WHAT THIS TASK INVOLVES:
Copying rule for the data below: pictures stay out, and only the lines from the one with "Autumn Mountain Buck" down to the one with "双色手工绳结miu系包挂绳公仔手工编织绳DIY挂件彩色跳色包包挂饰", inclusive, are repeated exactly.

DATASET ENTRIES:
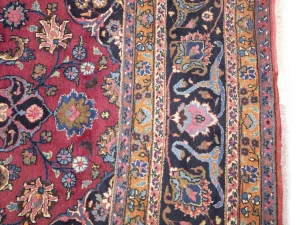 Vintage Maroon Red Floral Traditional 10X13 Mashad Persian Rug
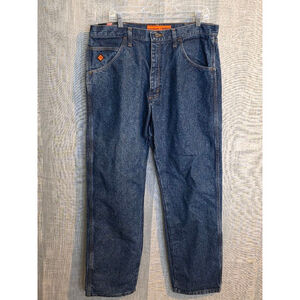 Men's Wrangler Riggs Flame Resistant Workwear Jeans Size 36x32 Blue‎ Relaxed Fit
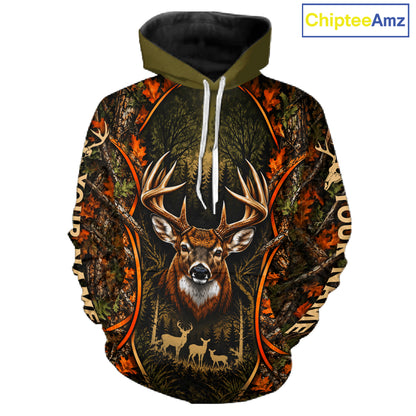 Autumn Mountain Buck Deer Hunting Tee Personalized Wildlife Outdoor Sports Shirt NHT1691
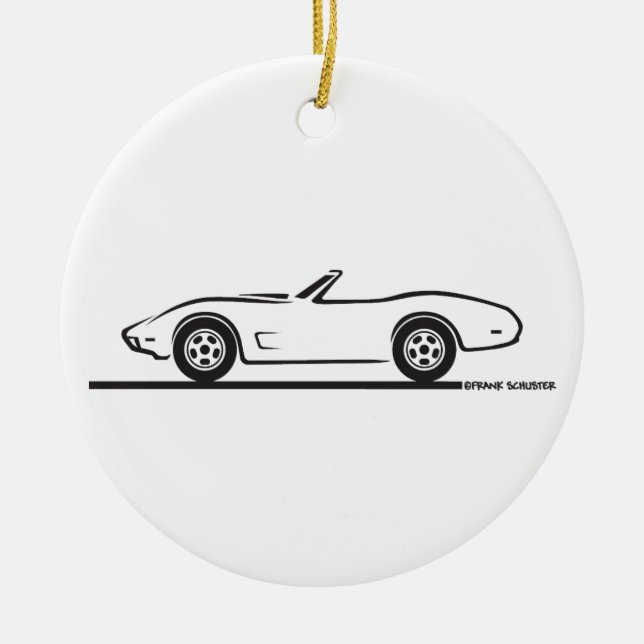 1974 - 1977 Corvette Convertible Ceramic Tree Decoration (Front)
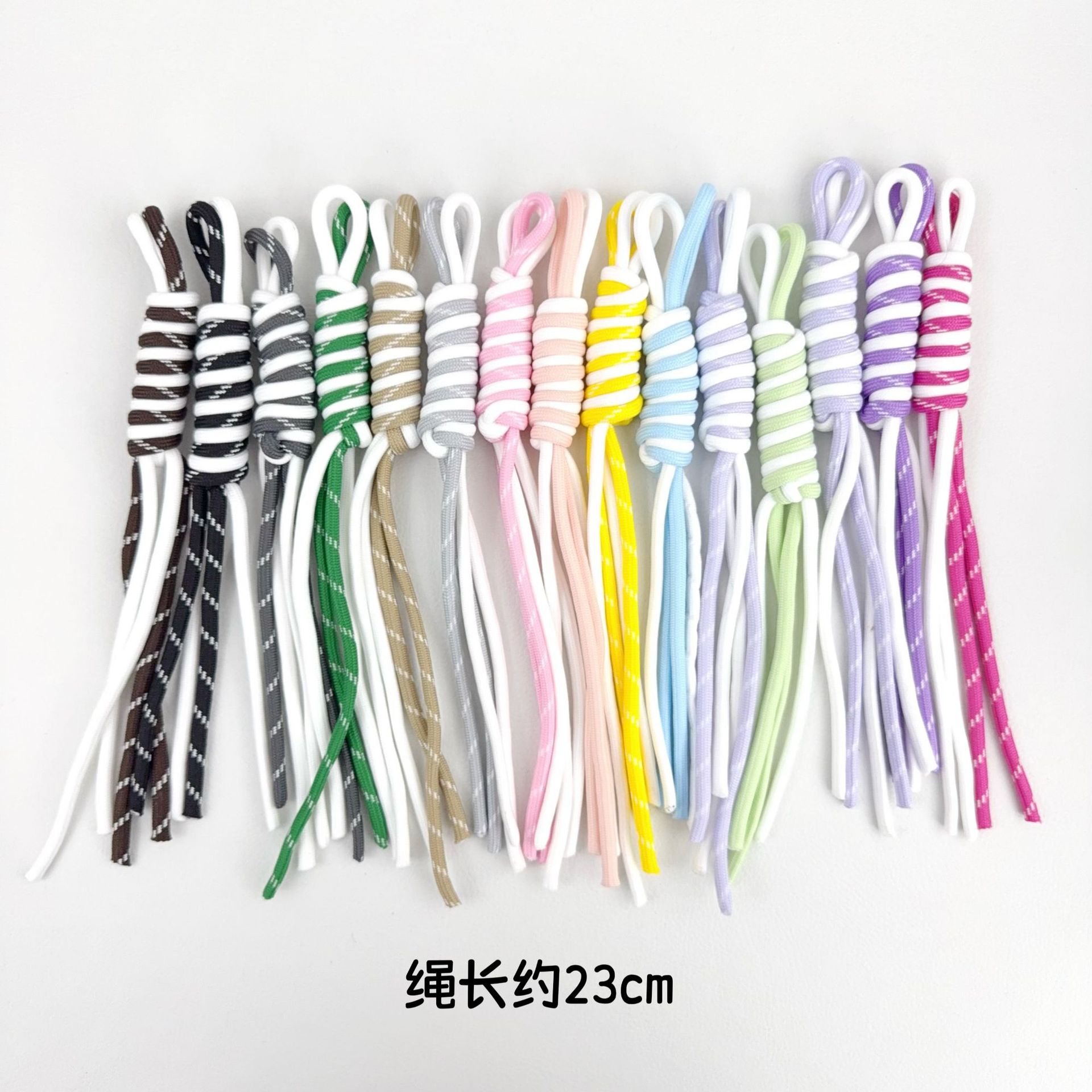 双色手工绳结miu系包挂绳公仔手工编织绳DIY挂件彩色跳色包包挂饰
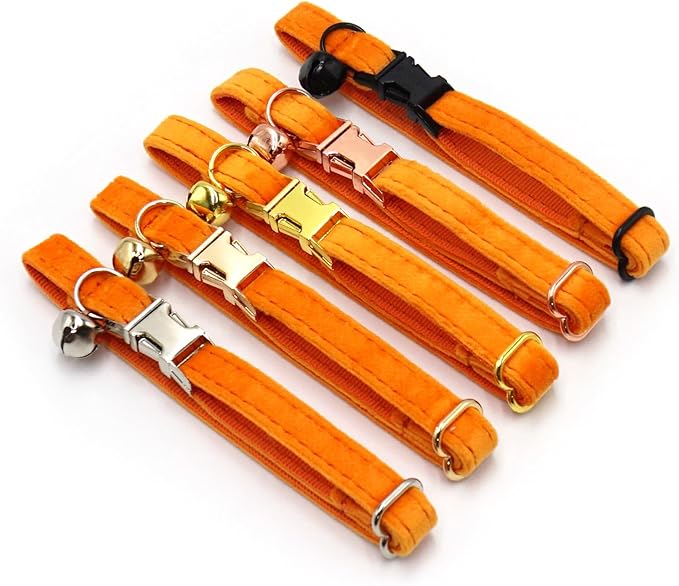 Personalized Cat Collar with Bells,Velvet Customized Small Cat Collar with Name Tag,Pet Collar with Name Phone Number Engraved ID Tags for Boy and Girl Kitten Cats (Orange)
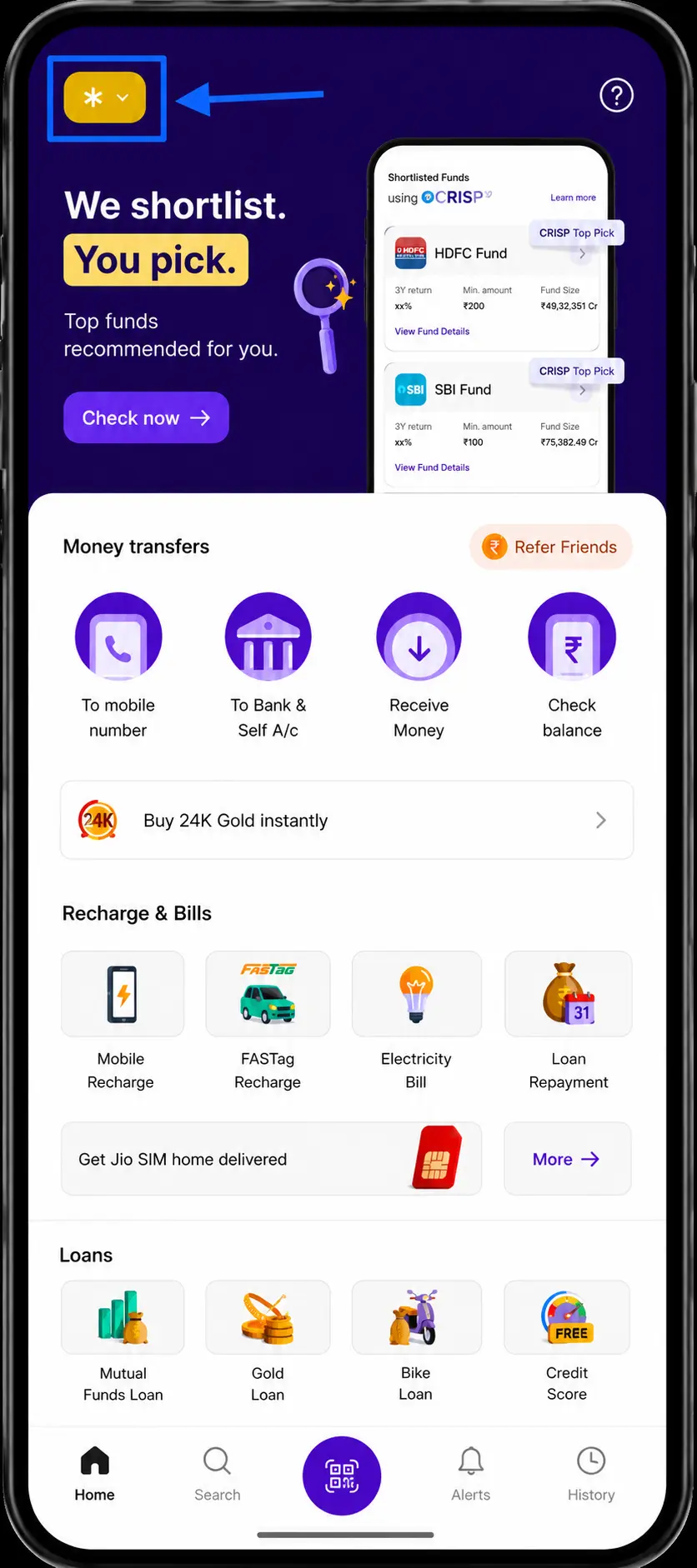 phonepe hompage screen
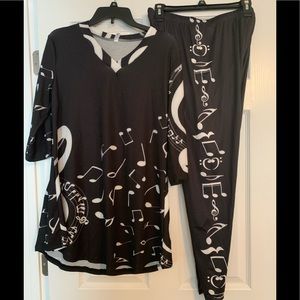 Cute musical top and leggings set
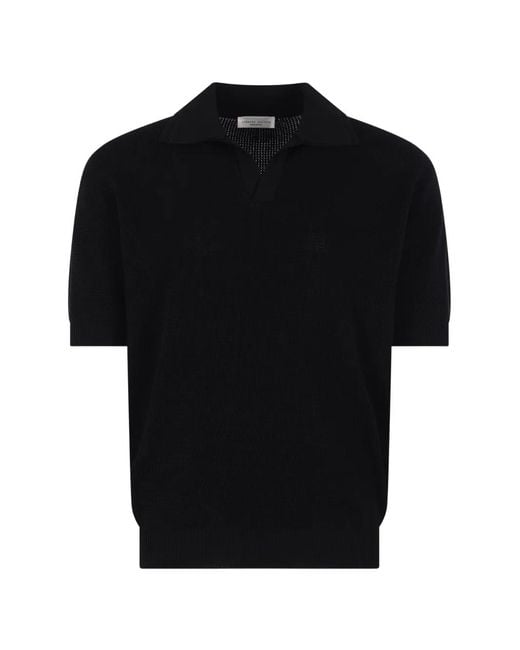Roberto Collina Black Open-Knit Short-Sleeve T-Shirt for men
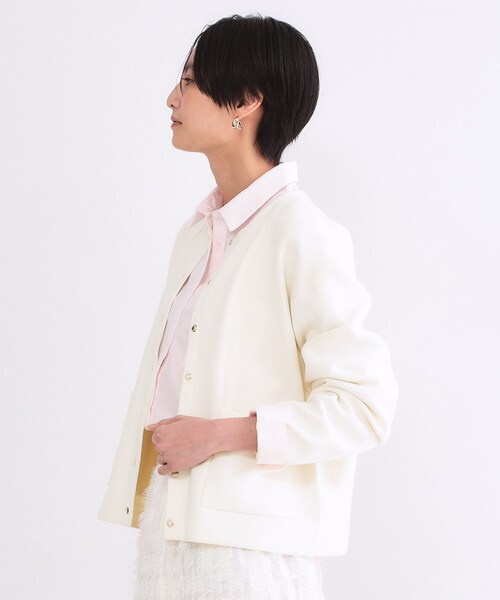 OPAQUE.CLIP（オペークドットクリップ）の「スナップボタンニットカーディガン【洗濯機OK】（カーディガン/ボレロ・レディース・ブラック/グレー/ブルー系その他/ホワイト・42/40/38）」の5枚目の写真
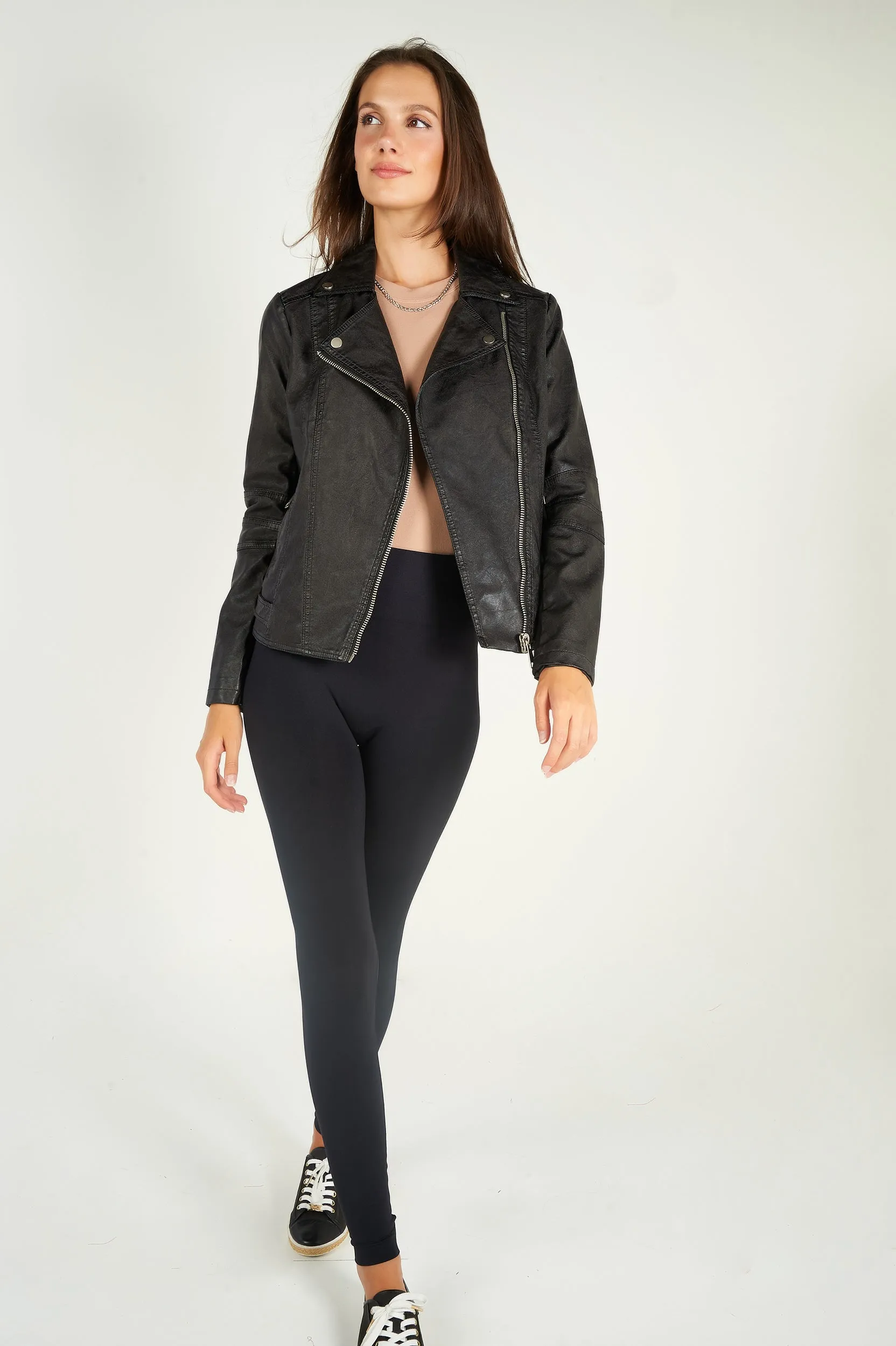 Veste en simili-cuir style motard - ZELIA-W2 - (E-B9) - VENTE FINALE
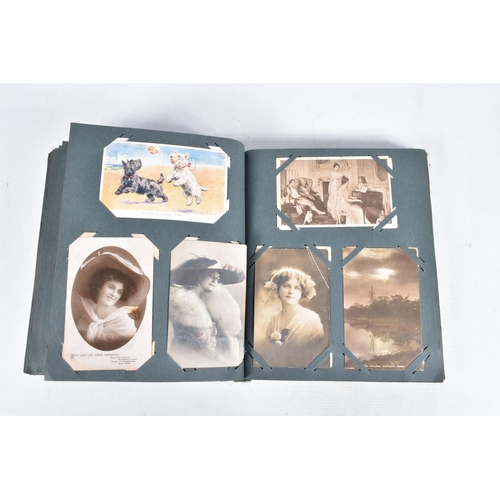 221 - POSTCARDS, one album containing approximately 492*  early 20th century Postcards (Edwardian - 1940's... 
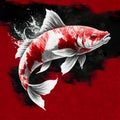 Red and white koi fish illustration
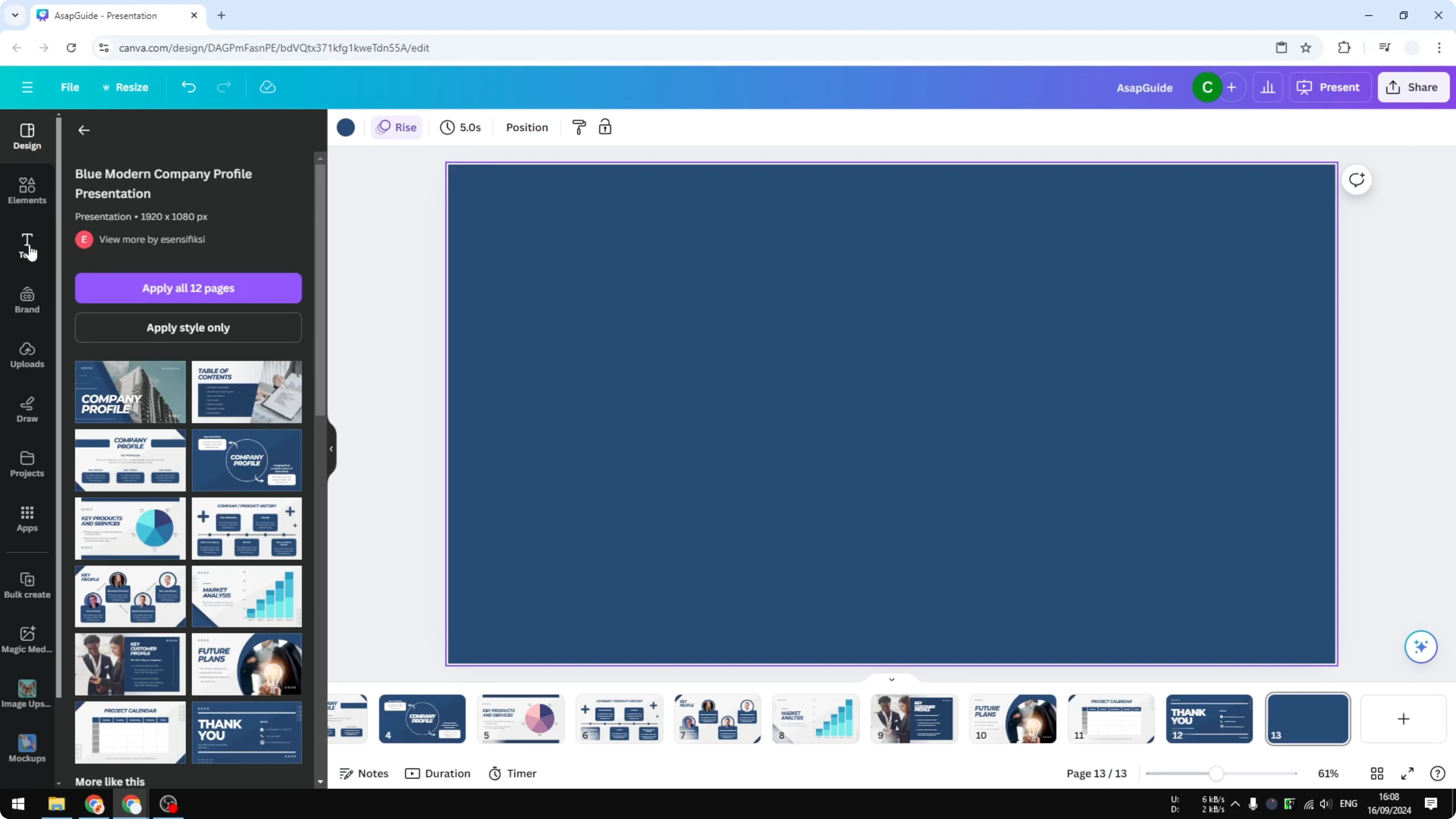 Screenshot from How To Apply Watermark In Canva at 85s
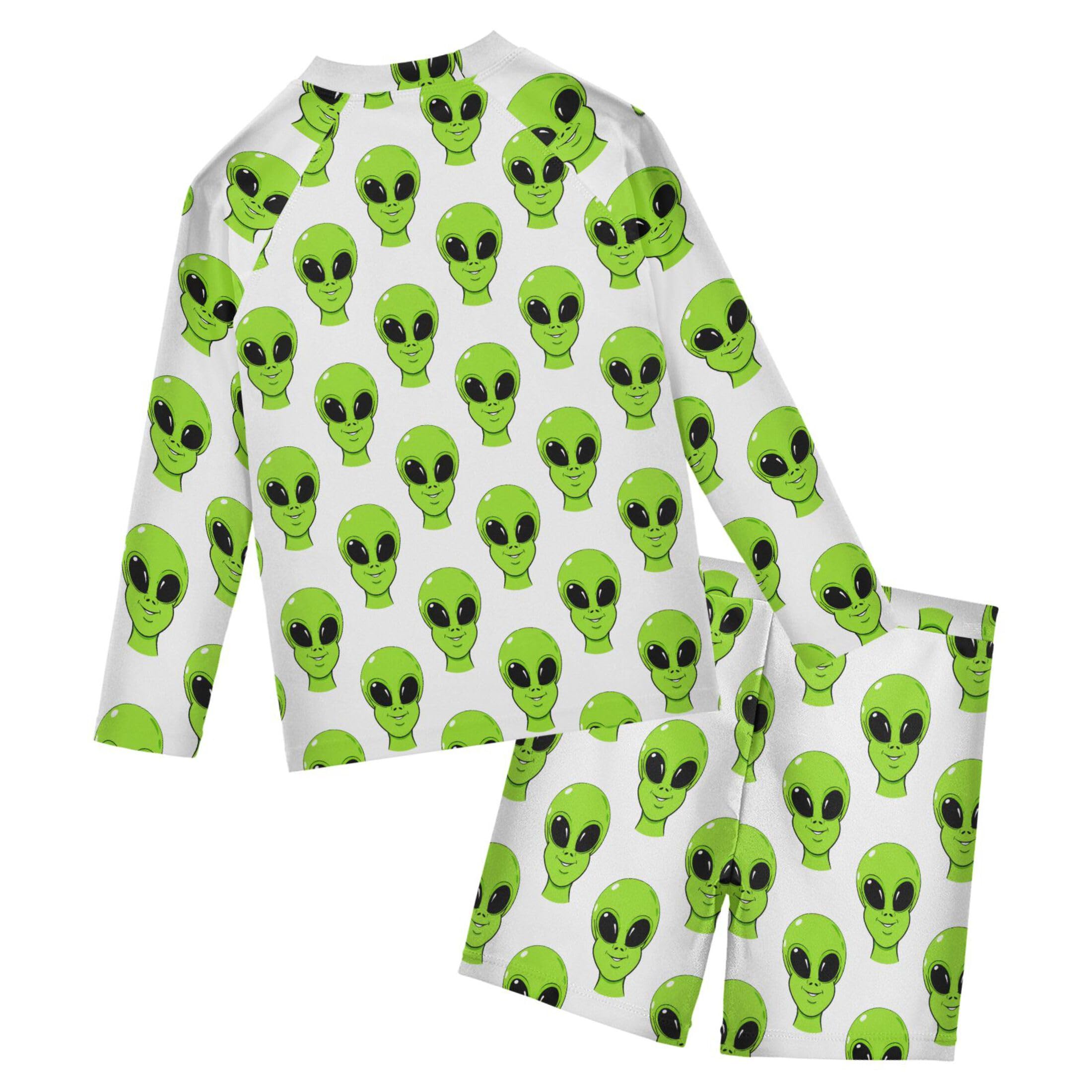Cute Alien UFO Baby Boys' Toddler Long Sleeved Rashguard Swim Bathing Suit Set B0404016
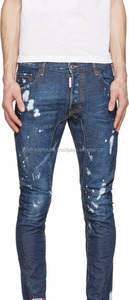 Pantalones vaqueros desgastados para hombre, nuevo diseño, cierre de múltiples aspecto, Vaqueros ajustados a medida, jeans desgastados de corte chino rasgados, 2018 - Product Image 2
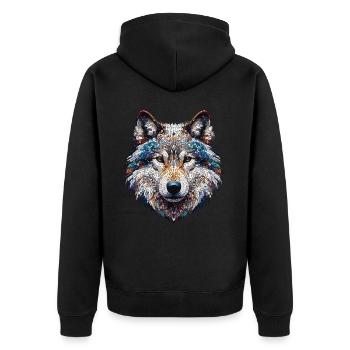 Porträt eines Wolfes im Mosaik - Unisex Premium Bio Zip Hoodie - Schwarz - Hinten - Nico (187cm)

EXERCISE RESPONSE:
 Autumn Mountain Buck Deer Hunting Tee Personalized Wildlife Outdoor Sports Shirt NHT1691
 1974 - 1977 Corvette Convertible Ceramic Tree Decoration (Front)
 双色手工绳结miu系包挂绳公仔手工编织绳DIY挂件彩色跳色包包挂饰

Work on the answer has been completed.